** What to do **
Say how many lines in the records hold "group". Nothing but the number should be given.

Records drawn from a dataset
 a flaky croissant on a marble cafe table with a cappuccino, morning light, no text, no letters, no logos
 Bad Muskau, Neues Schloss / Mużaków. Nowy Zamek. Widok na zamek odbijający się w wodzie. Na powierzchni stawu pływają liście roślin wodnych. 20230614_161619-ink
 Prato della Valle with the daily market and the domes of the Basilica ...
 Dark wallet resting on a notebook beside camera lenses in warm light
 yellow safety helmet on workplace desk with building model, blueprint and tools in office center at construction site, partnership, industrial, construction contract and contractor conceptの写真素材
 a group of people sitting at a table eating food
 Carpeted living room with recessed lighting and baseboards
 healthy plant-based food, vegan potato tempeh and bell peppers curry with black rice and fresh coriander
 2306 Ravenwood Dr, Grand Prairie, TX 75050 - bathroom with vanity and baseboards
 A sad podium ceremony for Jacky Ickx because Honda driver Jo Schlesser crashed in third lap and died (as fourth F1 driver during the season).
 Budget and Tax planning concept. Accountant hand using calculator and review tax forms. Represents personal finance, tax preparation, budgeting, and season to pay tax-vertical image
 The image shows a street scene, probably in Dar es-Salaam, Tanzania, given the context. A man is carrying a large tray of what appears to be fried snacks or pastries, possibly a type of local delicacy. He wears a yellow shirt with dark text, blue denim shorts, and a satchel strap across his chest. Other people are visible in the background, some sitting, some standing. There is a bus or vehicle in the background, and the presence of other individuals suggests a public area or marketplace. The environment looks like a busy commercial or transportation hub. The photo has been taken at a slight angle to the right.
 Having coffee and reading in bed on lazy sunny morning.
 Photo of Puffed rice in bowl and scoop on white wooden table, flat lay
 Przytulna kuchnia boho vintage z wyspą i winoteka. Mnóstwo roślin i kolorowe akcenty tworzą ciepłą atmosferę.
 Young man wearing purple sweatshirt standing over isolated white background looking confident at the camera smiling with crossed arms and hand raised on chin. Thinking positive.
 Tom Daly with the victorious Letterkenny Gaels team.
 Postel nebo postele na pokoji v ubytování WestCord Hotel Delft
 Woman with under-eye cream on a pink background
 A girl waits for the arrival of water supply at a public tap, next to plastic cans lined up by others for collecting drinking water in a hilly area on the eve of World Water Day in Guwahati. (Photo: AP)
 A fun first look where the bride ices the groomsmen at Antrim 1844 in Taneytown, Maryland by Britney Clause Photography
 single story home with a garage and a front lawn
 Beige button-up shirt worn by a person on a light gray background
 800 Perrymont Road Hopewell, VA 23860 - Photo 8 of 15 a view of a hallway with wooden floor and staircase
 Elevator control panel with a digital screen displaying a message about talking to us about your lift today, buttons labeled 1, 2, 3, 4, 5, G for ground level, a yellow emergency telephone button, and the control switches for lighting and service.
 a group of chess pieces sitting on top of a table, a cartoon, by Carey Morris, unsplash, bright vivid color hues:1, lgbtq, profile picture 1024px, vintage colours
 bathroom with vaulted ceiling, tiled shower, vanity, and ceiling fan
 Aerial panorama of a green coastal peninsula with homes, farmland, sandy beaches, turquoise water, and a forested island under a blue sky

** Expected answer **
2